Listen, then, to this “realistic” elder statesman’s swansong. “We are actually very strong, 1.3 billion people cannot simply be wiped out. The Europeans killed six million Jews out of twelve million, but today the Jews rule the world by proxy. They get others to fight and die for them. We are up against a people who think.” He said they invented socialism, communism, human rights and democracy, so that persecuting them would appear to be wrong, thus gaining control of the most powerful countries to “become a world power”. Muslims, therefore, must reassess their tactics, not lashing out violently but executing a “strategic retreat”, even by negotiating on the Palestinian question, to achieve “final victory”.
This is final-solution language, redolent with conspiracy theory and an implicit choice between destroying the Jews or being “wiped out”. Mahathir’s detestation of “hook-nosed” Jews is a matter of record. He denounced them as the “sinister powers” behind Asia’s financial crisis in 1997, when he accused the financier George Soros of triggering the ringgit’s collapse.
His defenders may say that his bark is worse than his bite, that his paranoia is only skin-deep.
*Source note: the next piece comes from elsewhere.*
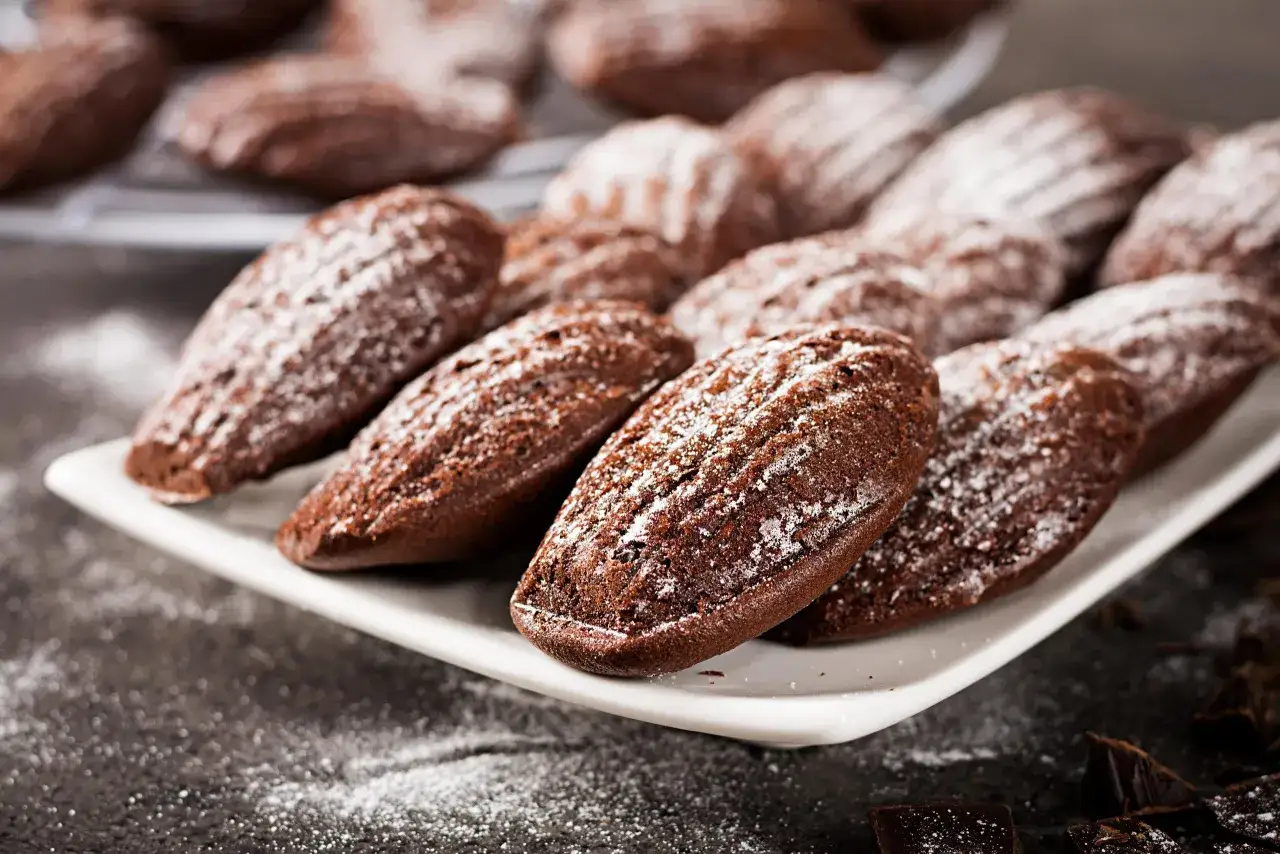 Douceurs chocolatées : une assiette de biscuits madeleine au chocolat, saupoudrés de sucre glace, prêts à être dégustés.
If so, he must be all skin. That might be dismissed as a problem for him, not the world — this is, after all, a man heading into history’s out-tray — were it not for the damage that so deliberately inflammatory a speech to that particular audience could do. Mahathir fancies himself as a strategist, author of works such as Perspectives on Islam and the Future of Muslims. Yet by linking that future to the defeat of the Jews, and Islam’s necessary embrace of modernity to the need for “guns and rockets, bombs and warplanes, tanks and rockets”, he pushes what passes for Islamic debate in a direction that gives comfort to its darkest forces.
After September 11, Mahathir denounced the futility of Islamist terrorism. He has said that “we cannot express our anger by killing people, we are not getting anywhere with that”. But do “moderate, modern” Muslim leaders oppose terrorism because it is futile, and not because it is repugnant and criminal?
When people like Mahathir pour poison not just on Israel but on Jews everywhere, do they seek the clash of civilisations that will destroy their peoples? If that is their intention, they are going the right way about it.